RW: So from my experience, the larger SIs are really good at taking techniques that have been proven to work on a class of problems and then doing them at scale. And companies like mine kind of push the limits of what’s possible with AI. And there are groups within the defense industry that are willing to work directly with us to test things out. Then either we scale.

So take a company like Palantir, they are able to scale with the size of the contracts that they were getting. Someone like us, we’re still figuring that out. Do we have a completion partner that we work with? Like a larger SI? Or do we bring on, or build out rather, that services component like Palantir did?

The one thing that the government has done really well, and I would say probably since Palantir, so I guess Palantir was founded about 2005, the government has done a phenomenal job of now engaging directly with startups. They’ve done a phenomenal job to meet directly with people in Silicon Valley.

I mean, every time I need someone in DC at some conference or anything, typically they’ll say “I’ll be in Silicon Valley within the next 30 days. So we should meet at your office.” I think the government has done a phenomenal job since 2005.

They’ve got like these arms for this, too, right? Like DIU, which used to be DIUX is out here and they got one in Austin. I think one of Boston. And so, yeah, I heard that a National Defense University that there’s this attempt to basically to keep up with the times. I think they realized that it’s not going to be something you want to link to trickle. Like we have to jump because the other countries are jumping. So it sounds like there actually is an interface between the startup world and government, maybe better than that?
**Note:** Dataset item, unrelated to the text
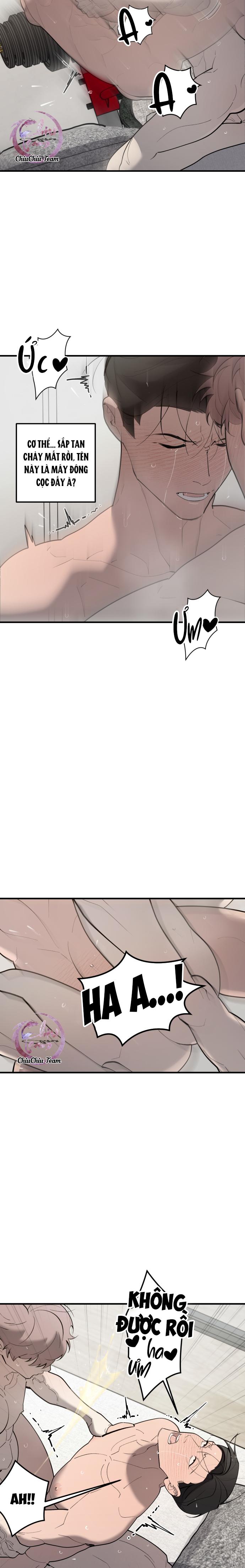 Robber and Thief - Chap 11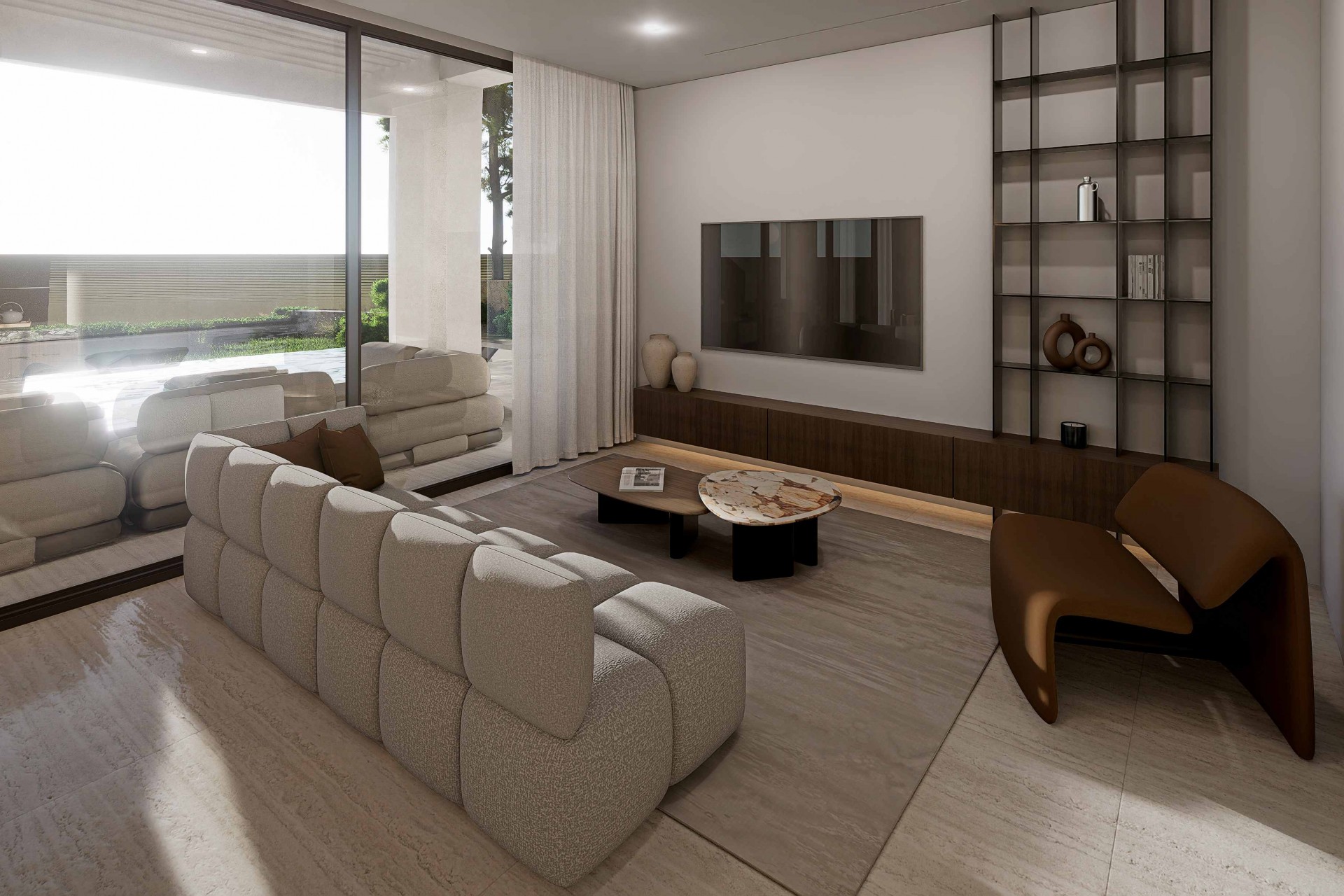 Nouvelle Construction - Villa -
Las Colinas Golf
Well, they’ve adopted or adapted rather because if you think about the history of innovation maybe prior to the ’90s, all of it was coming out of large institutions, whether it’s Bell Labs, DARPA, these big institutions. Then all sudden, they started to see diffusion across like smaller startup can build phenomenal stuff because it’s pretty cheap to write code, right?
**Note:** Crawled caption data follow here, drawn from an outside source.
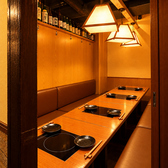 北海道幾蔵 上野店の雰囲気3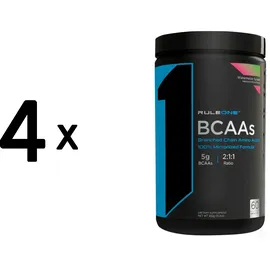 Rule1 BCAA Wassermelone Pulver 452 g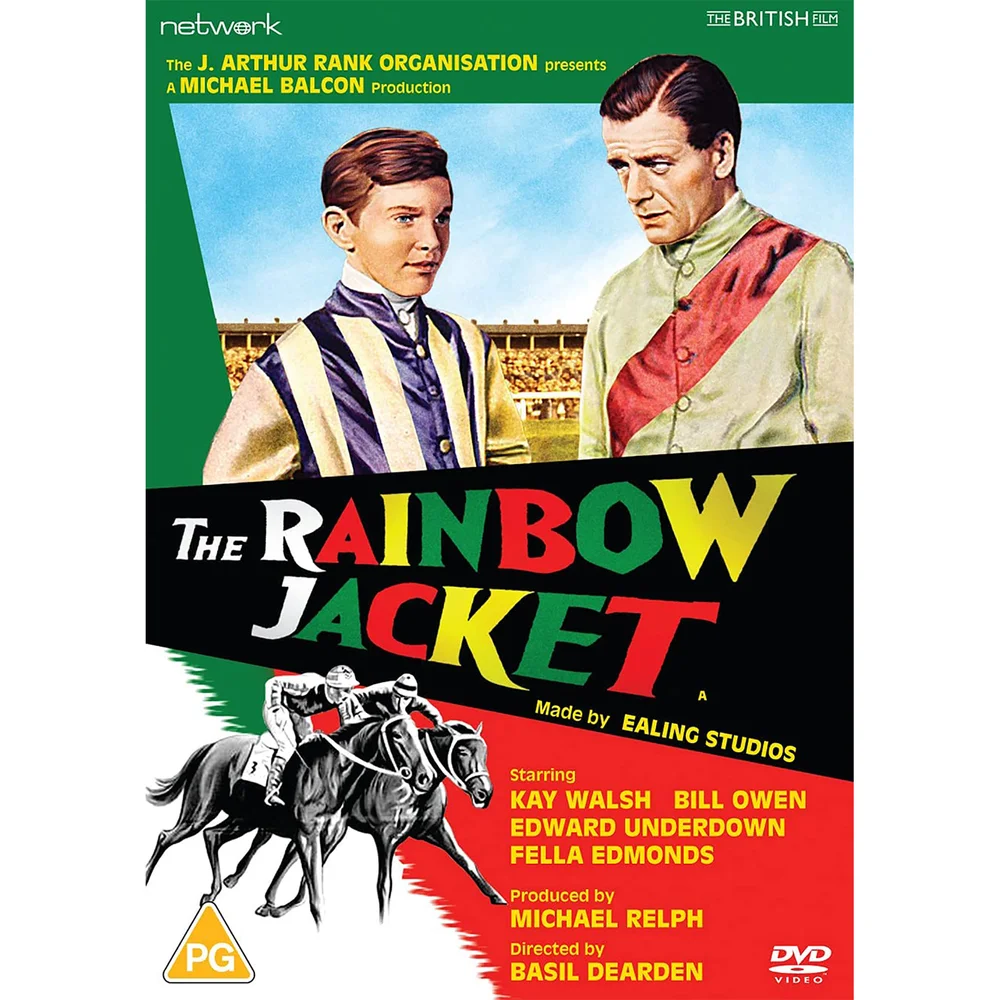 The Rainbow Jacket Afbeelding 1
And they had to adapt to that. They could no longer just talk to five organizations and get all the innovation in the United States. They now have to talk to 5,000. And I think that was a bit of a challenge from them probably from mid ’80s to early ’90s all the way up until 2005, but then they’ve recognized that and changed really quickly from 2005 to today.

(21:00) What might we estimate to be lower hanging fruit than other things in terms of AI norms in the future?

RW: Yeah, everything that’s built on top of your classic enterprise data, your classic structured enterprise data, all of it will have machine learning in it. Take every application of the last 25 years, add ML. Now you got predictive capabilities, right? I mean, that’s effectively what is going on. But really what’s going to significantly move the needle and totally transform everything is AI on the unstructured data, on the text data, on the human communications. That’s a really tough nut to crack.

Some folks are starting to address that, like us focusing on unstructured text data. And that is going to, I think, fundamentally transform. So I think there’s three legs to the stool for enterprises. Your classic structured data. You have your machine-generated data, so you’re like IoT platforms and other things. Then you have this unstructured text data. And they’re kind of three legs to the stool.

And we’ve solved the analytics for storage analytics of your IoT data and your structured data, we still haven’t solved the storage, and ultimately analytics on unstructured text data. And that’s really because machines don’t understand language very well.